Monday, 12 October 2020

Belajar Menghadapi Tekanan

Foto ilustrasi: Goldy F. Dharmawan

 

Artikel ini merupakan bagian dari seri "Catatan Perjalanan Guru” dengan tema pengalaman yang kurang menyenangkan selama mengajar.

 

Ada pepatah Cina mengatakan, “Ketika kamu menghadapi tekanan dalam hidupmu, jangan pernah lari. Cari tahu penyebabnya dan temukan solusinya”.

Menjadi pendidik di sekolah berkurikulum nasional plus memang membutuhkan tenaga ekstra, baik dari segi fisik, dalam mengajar, dalam berperilaku, serta dalam memahami karakteristik peserta didik. Tak heran bila guru di sekolah berkurikulum nasional plus menghadapi tekanan lebih tinggi dibandingkan sekolah yang tidak berbayar.

Sekolah tempat saya mengajar menerapkan kurikulum nasional plus, menyediakan fasilitas yang lengkap, dan media pembelajaran yang sangat memadai. Oleh karena itu, sekolah selalu mengutamakan pendapat orang tua murid atau komite sekolah.

Akibatnya, guru menjadi jarang berpendapat atau berbagi cerita tentang tekanan yang didapat dari orang tua murid.

Saya pun pernah mengalaminya sendiri pada tahun pertama mengajar. Saya menemukan orang tua yang kurang aware terhadap perkembangan anaknya, serta kurang peduli dengan keseharian anaknya di sekolah sehingga si anak kemudian bersikap di luar kewajaran demi mendapatkan perhatian.

 

Menghadapi Tekanan dari Orang Tua Murid

Saya pernah stres ketika menghadapi tekanan dari orang tua murid. Di kelas saya kebetulan ada murid yang memiliki kondisi attention deficit hyperactivity disorder (ADHD) dan sering mengganggu murid yang lain. Orang tua murid yang diganggu pun mengeluh kepada saya selaku wali murid.

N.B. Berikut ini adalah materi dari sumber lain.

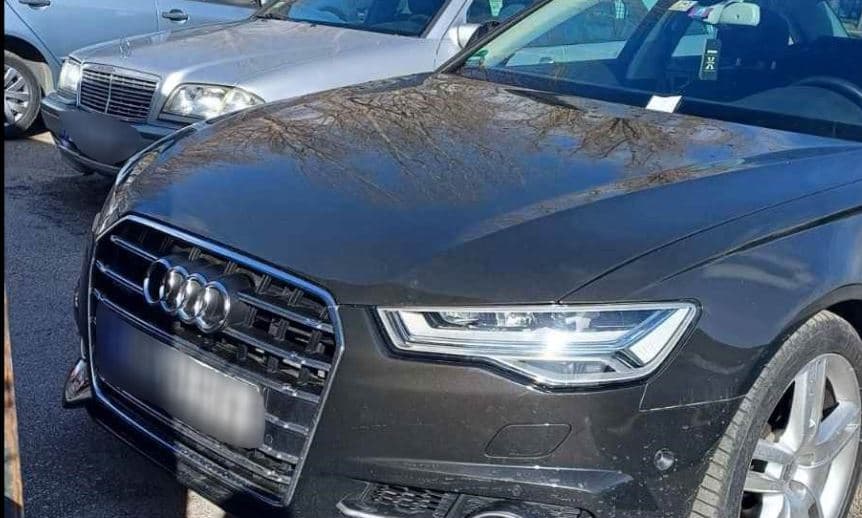 Policia i sekuestron dy vetura në magjistralen Mitrovicë-Vushtrri
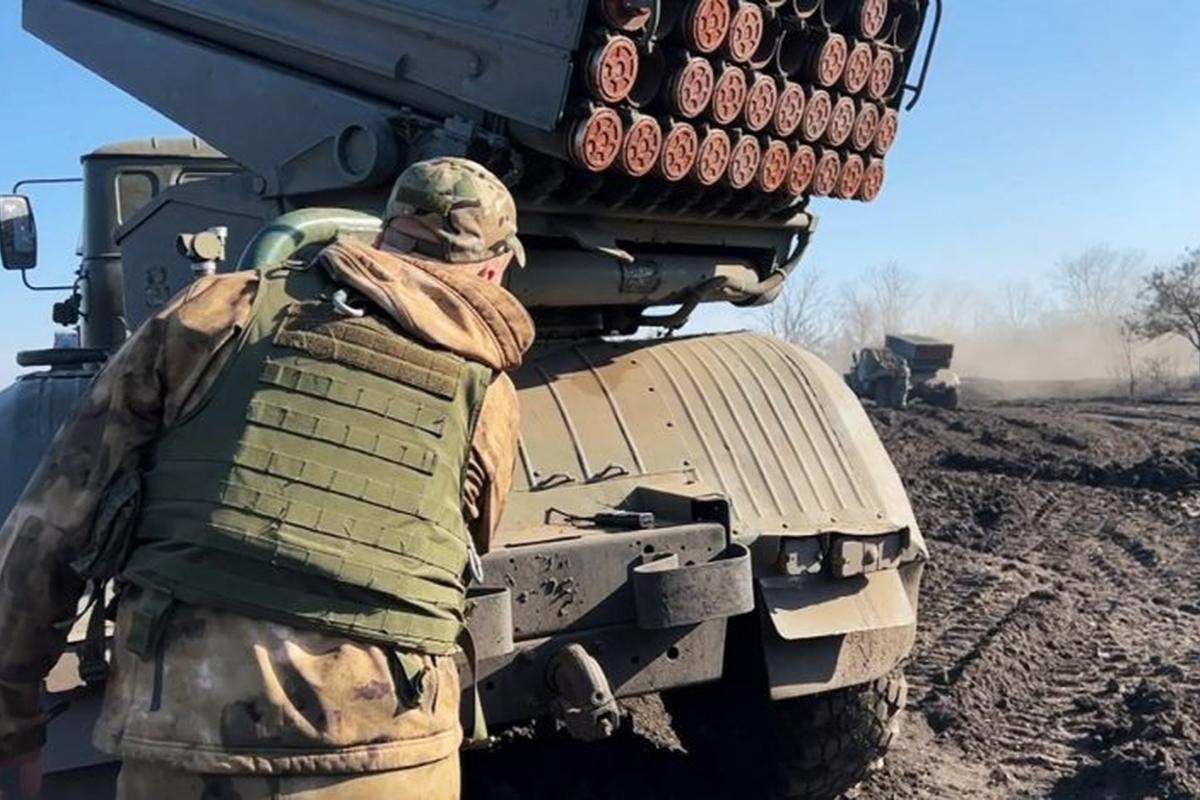 Минобороны РФ сообщает о сдаче в плен военнослужащих ВСУ в Купянске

Tetapi, saya tidak ingin langsung menyalahkan murid yang memiliki kondisi khusus tersebut. Saya lalu menyelidiki dulu sumber masalahnya agar bisa memberikan solusi yang terbaik.

Saya mengajak bicara orang tua dari anak yang memiliki kondisi khusus, namun, ia tidak percaya bila anaknya bisa melakukan tindakan yang dikeluhkan oleh orang tua lain. Suasana diskusi saat itu sungguh menegangkan karena salah bicara sedikit saja bisa menimbulkan keributan antarorang tua.

Akhirnya, kami semua sepakat untuk membuat buku catatan kejadian yang akan ditulis oleh semua murid di kelas bila anak dengan kondisi khusus tersebut “berulah”. Setelah beberapa hari, orang tua murid tersebut pun akhirnya percaya dan mengubah sikapnya.

Saat menghadapi situasi sulit seperti itu, saya berusaha untuk tidak menyerah dan berdiskusi dengan teman. Mereka berhasil memberikan motivasi kepada saya. Saya juga  mengisi waktu luang dengan melakukan hobi memancing untuk mengalihkan pikiran.

 

Menjadi Lebih Profesional

Selain menghadapi tantangan dari orang tua murid, pengalaman yang kurang mengenakkan lainnya terkait dengan senioritas. Terkadang masih ada guru yang memperlakukan guru lain berdasarkan “status” senior atau junior. Tetapi, saya berusaha untuk menerima saja sehingga tidak pernah menghadapi masalah yang berarti.

Saya anggap semua tekanan yang datang, baik dari orang tua murid maupun sesama guru, sebagai dorongan untuk membuat saya menjadi lebih profesional lagi dalam bekerja. Sebagai seorang profesional, kita harus bisa mengubah masalah menjadi ujian yang harus dituntaskan.

Saya berharap ke depannya bisa menjadi guru profesional yang tidak mudah terpengaruh oleh hal-hal negatif dari lingkungan kerja.

 

* Catatan ini ditulis oleh TBS, guru SD di Provinsi Jawa Tengah.

** Semua tulisan yang dipublikasikan dalam Catatan Perjalanan Guru merupakan pandangan penulis, telah melalui proses penyuntingan untuk keperluan penulisan populer, dan tidak mewakili pandangan Program RISE di Indonesia ataupun penyandang dana RISE.